Nosotros nunca hemos visto los venues como tales, sino como espacios. De alguna manera tratamos de que, allá donde tocamos, el espacio sea el que dialogue con lo que estamos haciendo. Tal vez una tarima es un espacio muy genérico, mientras un colmado o la calle sea un espacio vivo, donde hay gente que cuenta historias […]. No queremos limitarnos solamente en tocar en venues, sino también a descubrir lugares y hacer que sean parte de la historia (Betances y Drlacxos Cueto, 2018).

 

Quizás la ocupación poética de espacios públicos adquiera resonancias en el siglo xxi con el resto de movimientos de ocupación. No puede olvidarse, sin embargo, que estos nuevos escenarios sirven también en algunos casos para popularizar la comida rápida de la poesía. En todas sus variantes, el spoken word se dirige a la masa y se produce desde la masa. Esa es su fuerza y su conflicto.

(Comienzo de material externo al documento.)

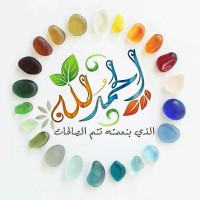 Majid Elhouary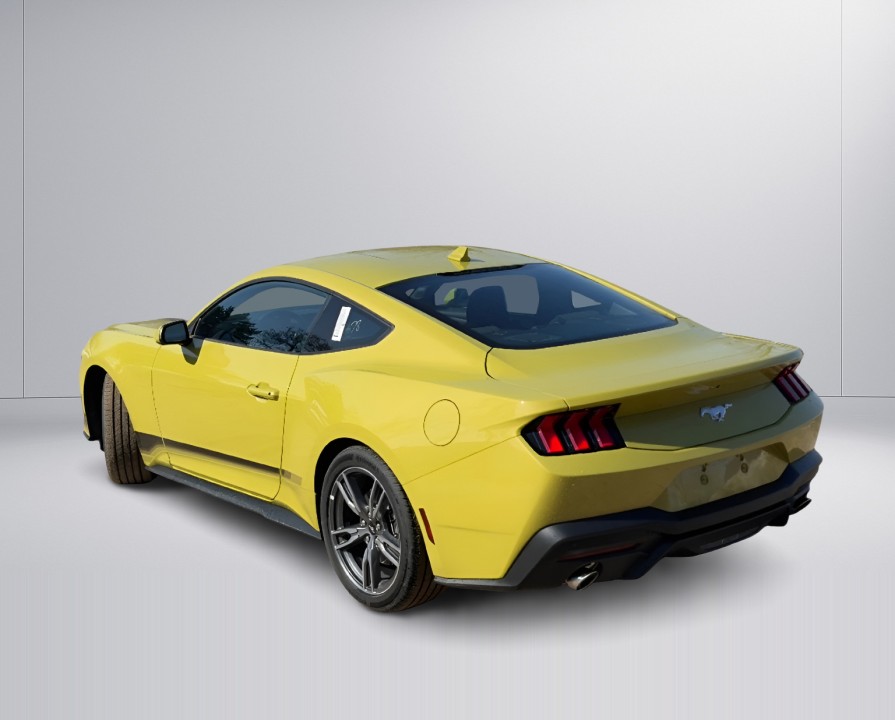 Ford Mustang (3)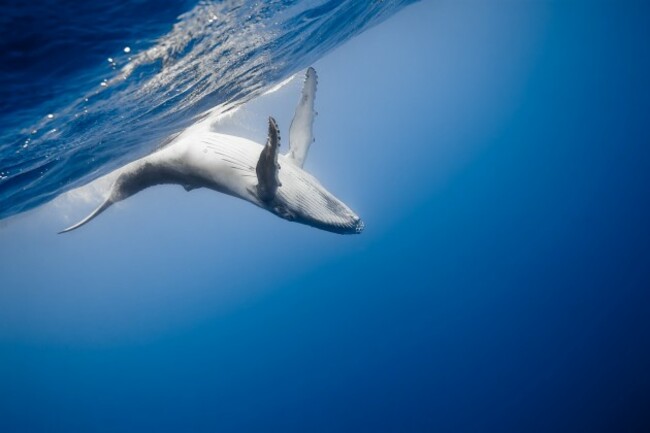 Humpback Whale Calf at Vava'u Island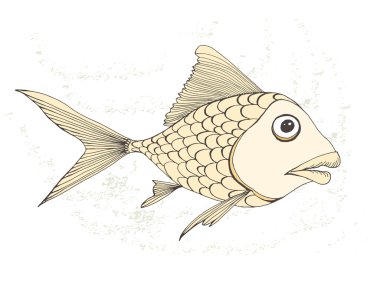 Suluboya deniz balıkları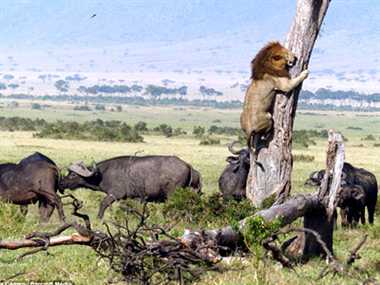 buffalo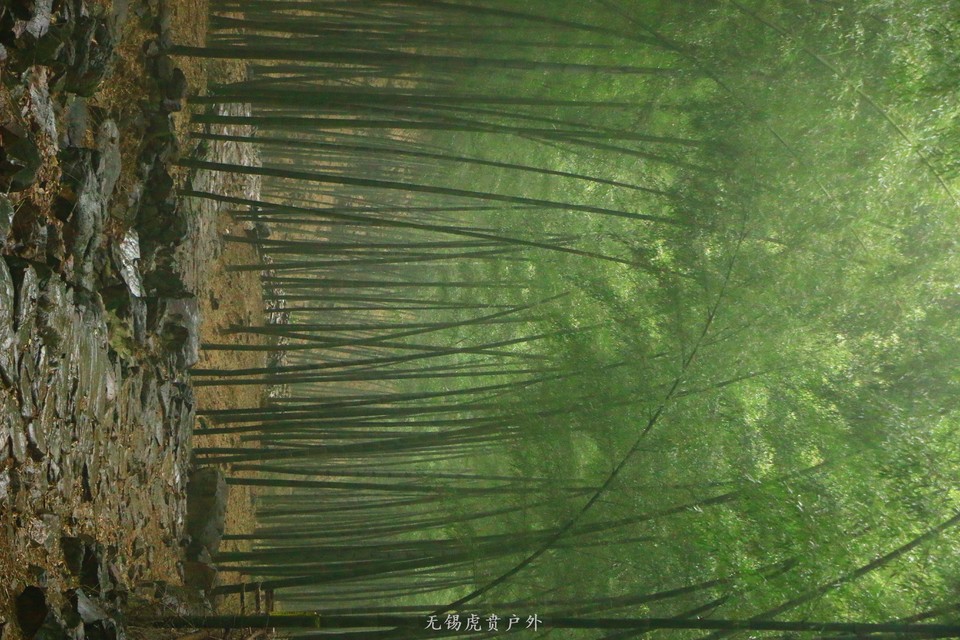 mmexport1516439045588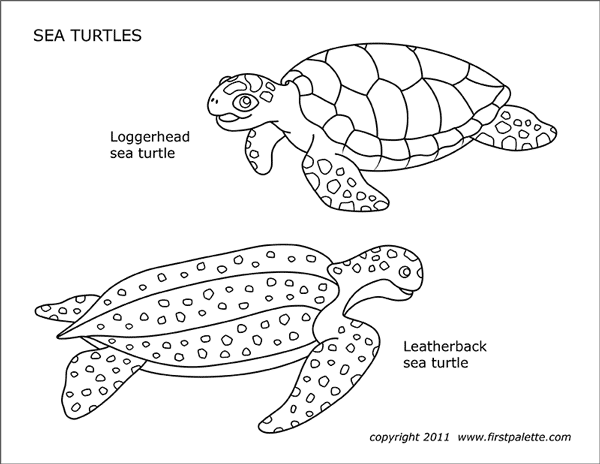 Printable Sea Turtles Coloring Page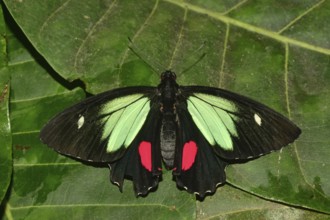 Green-cell cattle heart (Parides childrenae)
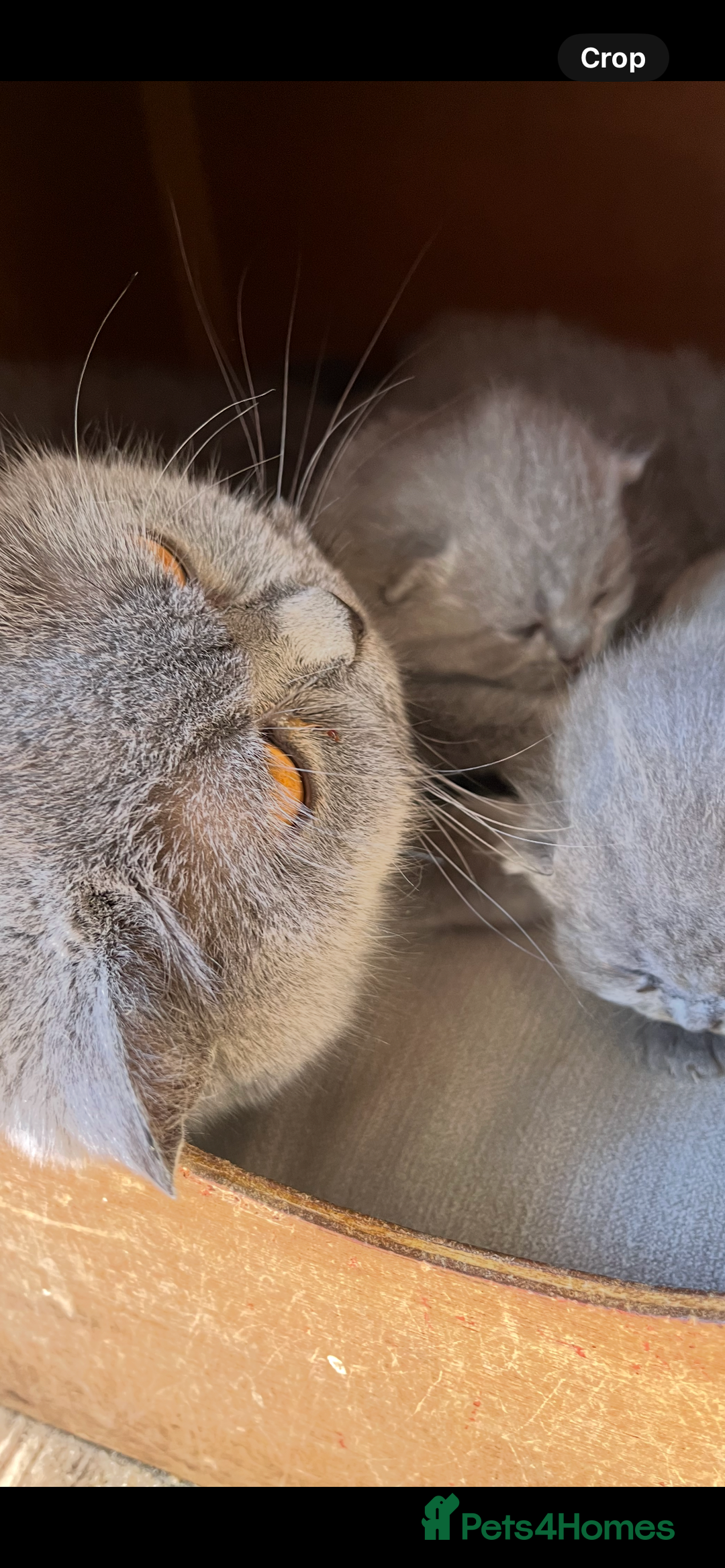 British Shorthair cats for sale: Beautiful female kitten - Image 7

En los poemas de Báez, lo escenográfico irrumpe en forma de vestigio. Así, en su libro Postales, nos encontramos a menudo con interpelaciones del tipo: «(Abro un paréntesis aquí para advertir / que tienen que hacerse el examen del sida. / Yo me lo hago anual. / A más tardar se lo dan en una semana)» (33).[i] En otro orden retórico, muchas de estas postales cierran con un guiño de carácter teatral, una salida abrupta, una irreverencia o un gesto nimio que deja en el aire cierto misterio:

Y entré en la iglesia y recé un padrenuestro

por los poetas y por los poetas sin talento

convencido de que Whitman se levantó

y le estrechó la mano a Roberto Bolaño

cuando Caronte lo depositó en la orilla

y lo dejó en el infierno extenso

y ardiente como un caldero y éste

asombrado se rascó la cabeza y avanzó (63).[ii]

 

Esta poética del gesto es también, por supuesto, la de Nicanor Parra. ¿Cómo no recordar aquí que los Artefactos terminaron publicándose como una caja de tarjetas postales? En ellas había ya una voluntad de recuperar la conexión perdida con el lector, un cuestionamiento del libro como institución, un diálogo con otras artes dudosas, con discursos no literarios o incluso no estrictamente verbales. Si Nicanor Parra creó los Artefactos porque deseaba que sus poemas se vieran,[iii] Frank Báez los arrastra al escenario para que se escuchen. Ambos buscan una comunicación diferente a la del verso tradicional. Agarran al lector por la solapa y esperan una reacción. Aunque esa reacción quede en suspenso, como queda la respuesta de una postal. ¿Pero quién escribe esas postales sin respuesta?

 

SER A QUIEN LE FALTA: EL POETA COMO SUJETO PRECARIO

Las Postales, de Frank Báez, se abren con un poema titulado «Autorretrato». Ante él, cabría preguntarse cómo retratar a un sujeto cuyas certidumbres fueron disolviéndose a lo largo del siglo xx, hasta llegar a disolverse él mismo. ¿Qué queda de esa criatura renqueante que ha visto erosionada su experiencia del logos, la familia, el hogar o la patria? Queda —podríamos decir leyendo este libro— su incertidumbre, su vulnerabilidad y una incansable autoparodia. De las muchas opciones posibles para ponerlo en movimiento, Báez apuesta por una energía deambulante y centrífuga, pero también por un carácter mundano y refractario a lo metafísico. Quizás por ello sus versos van siempre con el cuerpo por delante. No son portadores de una conciencia —como pretendía la poesía comprometida—, sino más bien de una presencia. Y sin embargo, paradójicamente, el poeta insiste en definirse en negativo, por todo aquello que no es, lo que le falta: «Me piden cigarros y poesía / pero no tengo nada de eso» (41).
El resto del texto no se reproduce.